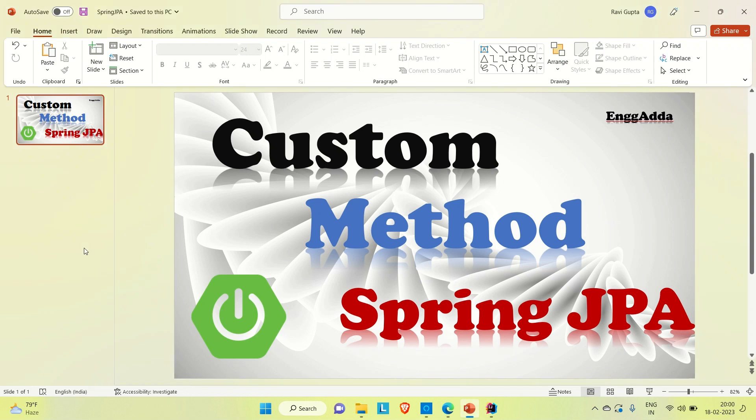Hi everyone, Ravid is Saeed. Welcome to Engineering Gadda. So today we are going to discuss what is custom method in Spring JPA and how we can create our own custom methods in Spring JPA.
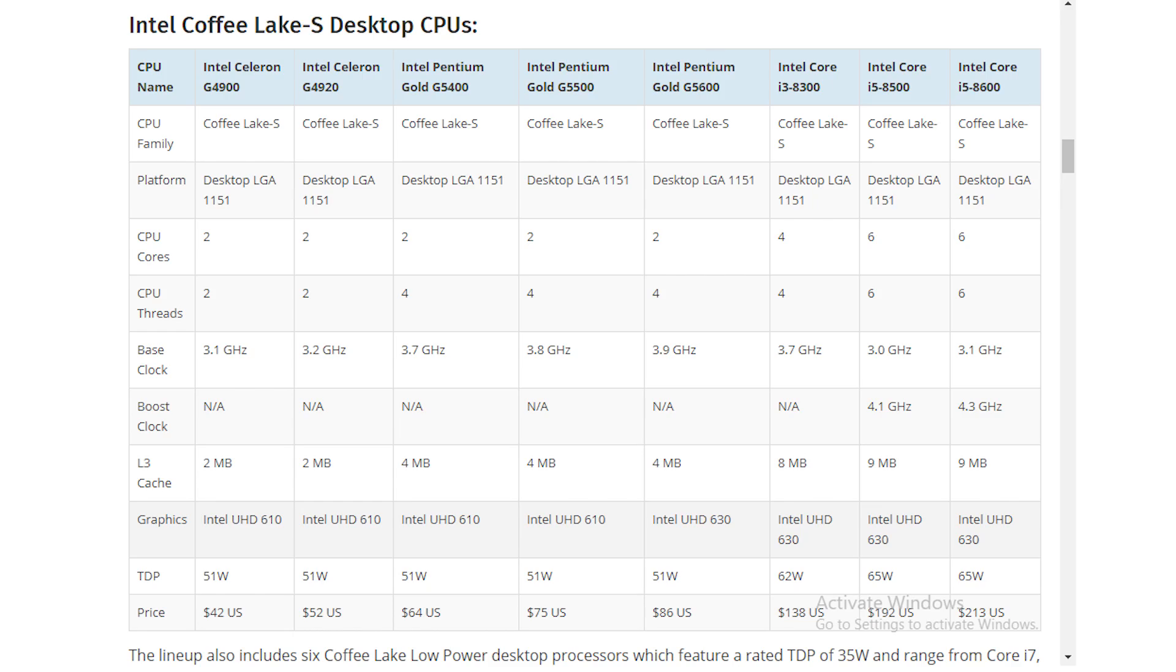You also have the new Celeron and new Pentium. The new Pentium Gold series, starting from the 5400 going up to the 5600, ranges from $64 to $86. The Celerons aren't that interesting, but if you're planning to build a very low-powered, decent productivity build, the Celerons might help as well - you have the 4800 and 4920. These are not the most interesting CPUs for gamers, but Intel has finally launched them.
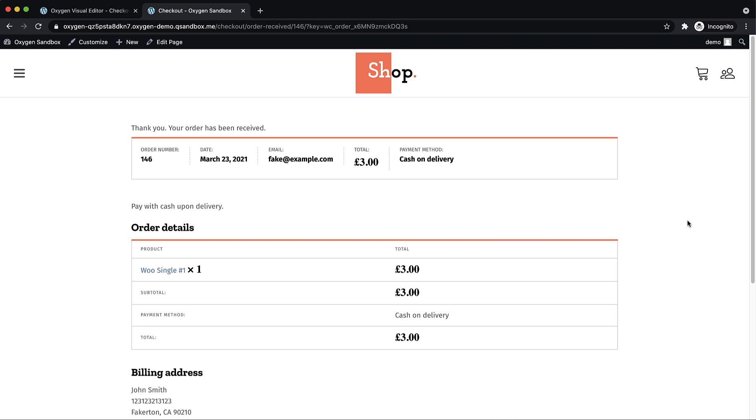So again, this is Elijah with the oxygen team. And that's how to use oxygen and custom conditions to set up a pop up for your WooCommerce thank you page. Thank you very much for watching.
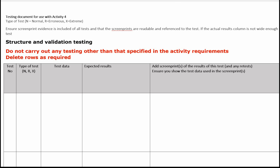Here I've got the test log open. Just a reminder that we need to say what type of test each test is: N for normal, R for erroneous, X for extreme. X (extreme) is used for testing the range of values. N is obviously for normal data that's accepted, therefore anything that's left over and not accepted is R (erroneous). We need to make sure that we screen print the evidence and it's included for all tests, and that screen prints are readable and referenced to the test. If the actual results column is not wide enough, we can add the images of the results to the end of the test log, but they need to be clearly labelled as to which tests they belong to. Please do not carry out any testing other than specified in the activity requirements, and you can delete spare rows of the test log when you've finished.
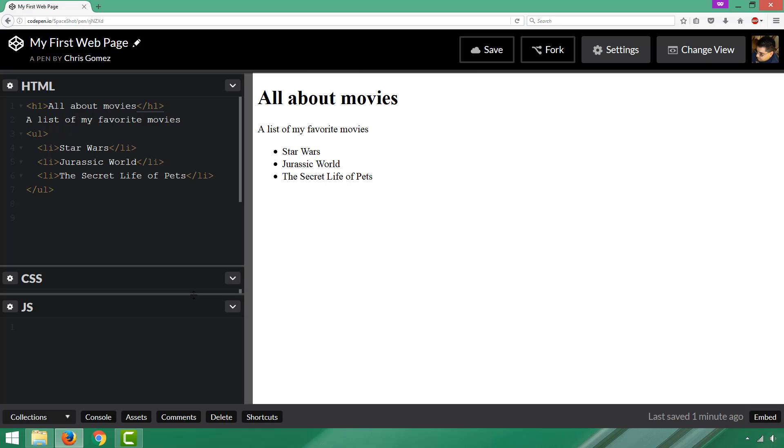Hopefully this video will help you get jump-started with CodePen and allow you to use this tool to begin working on your first web page. If you like this video, please go ahead and like it, and if you want to see more videos about this, subscribe to the channel. Thanks again for watching.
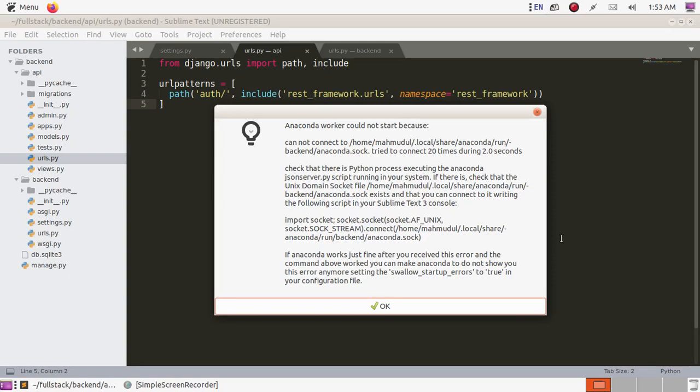In this video, I'm going to show how to fix a problem in Sublime Text with Anaconda. The Anaconda worker could not start because it cannot connect to the Anaconda socket.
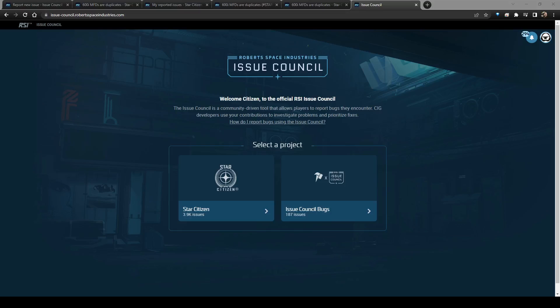Basically, we have on the Star Citizen website the Issue Council. So it is issuecouncil.robertspaceindustries.com, and you have two sections here. You have the Star Citizen section, and you have the Issue Council section.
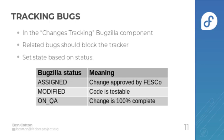You should also set the state based on the current status. So when it's assigned that means the change has been approved. Modified means it's testable. On QA means it's 100% code complete. Please do not close change tracking bugs; the program manager will take care of that on release day.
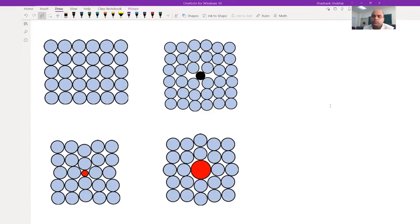Welcome back to our course Mechanical Behavior of Materials. In the last class we started discussing about solid solution strengthening. We discussed about types of solid solutions and we were also discussing about the distortion in the lattice due to the presence of solute atoms.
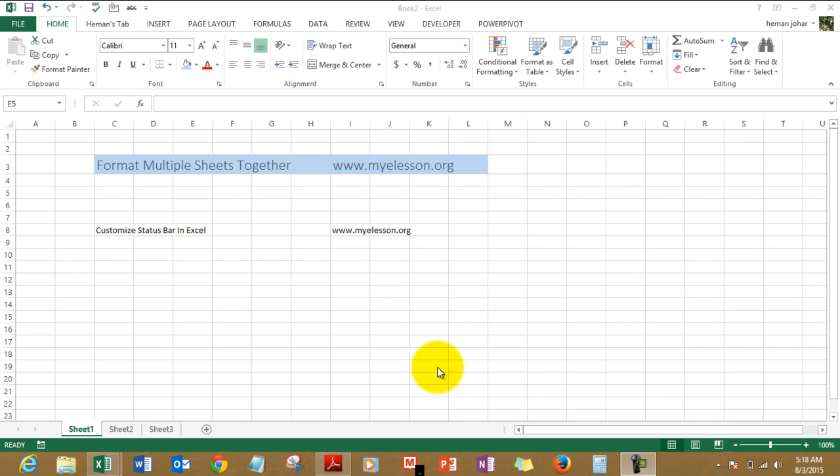Hello everybody and welcome to my e-lesson. I am your guru and in this video I'll tell you how to format multiple sheets together. Remember, this can only be done in Excel 2010 and above.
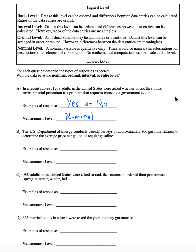Sometimes people get confused with this because it would be possible to keep track of how many yeses and noes are said in the survey — like five yeses and three noes, for example. Sometimes people think it might be quantitative because we could assign numbers to the number of people who responded that way. But it's not about the counting of the responses when it comes to the type of data. We want to look at the responses themselves and see if they are numerical or not. So this would be nominal.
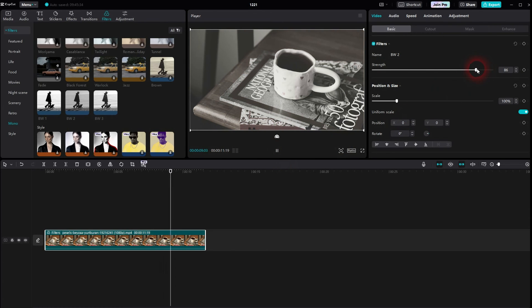And this is how you can turn your videos black and white in CapCut. I hope this video was helpful, thank you for watching and I'll see you next time.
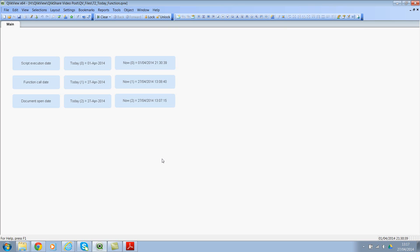I've created this QlikView file some time back on 1st or 2nd of April. You can pass three different parameters in these functions, so we will look at each parameter and understand the output of each parameter.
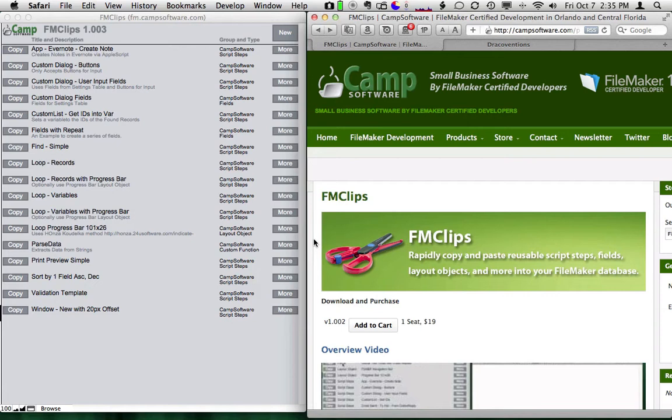Hi, my name is Hal Gumbert with CAMP Software, and I would like to show you FM Clips.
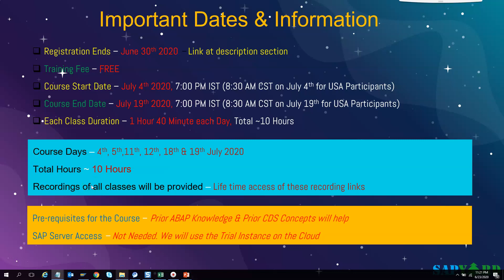Knowing basic ABAP programming is the only prerequisite for this course. If you do not know Core Data Services, it is fine — we will teach you the basics. We will not need any separate S/4HANA system to practice. We will use the trial instance of the cloud for our training. You will be able to access the trainer's package as well on the cloud, as it is a public cloud and accessible to all.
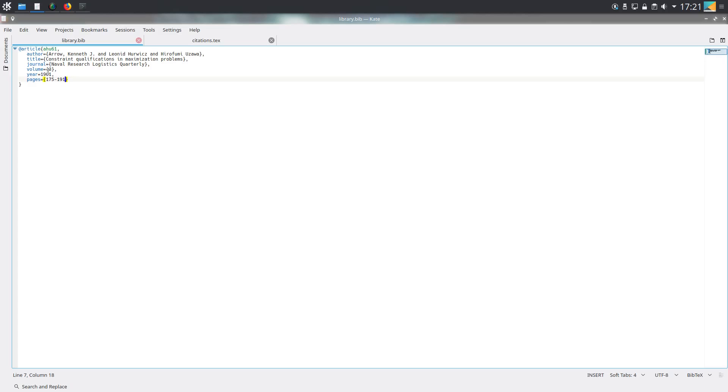An alternative to this, which I tend to do, is to take the first author, use their surname, and then put the year of publication. So I'd write this as arrow 1961. It's completely up to you.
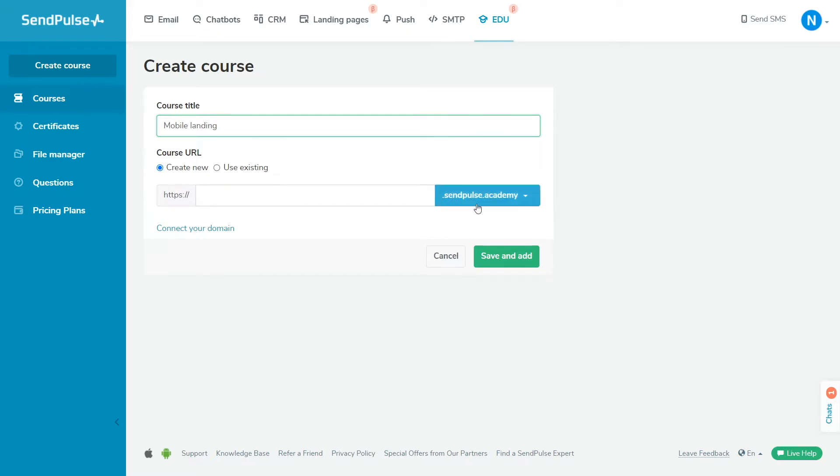The course URL is a unique link where your students can find the landing page that allows to enroll in the course and get access to lessons in their accounts. Select the second subdomain of the course address. The sendpulse.academy and sendpulse.online domains are available on the free plan as second-level subdomains.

# YOUR OBJECTIVE:
All that is needed is the lines from the line holding "Knowing basic ABAP" to the final line of the listing above, repeated exactly, pictures excluded.

# WRITTEN RESPONSE:
Knowing basic ABAP programming is the only prerequisite for this course. If you do not know Core Data Services, it is fine — we will teach you the basics. We will not need any separate S/4HANA system to practice. We will use the trial instance of the cloud for our training. You will be able to access the trainer's package as well on the cloud, as it is a public cloud and accessible to all.
An alternative to this, which I tend to do, is to take the first author, use their surname, and then put the year of publication. So I'd write this as arrow 1961. It's completely up to you.
The course URL is a unique link where your students can find the landing page that allows to enroll in the course and get access to lessons in their accounts. Select the second subdomain of the course address. The sendpulse.academy and sendpulse.online domains are available on the free plan as second-level subdomains.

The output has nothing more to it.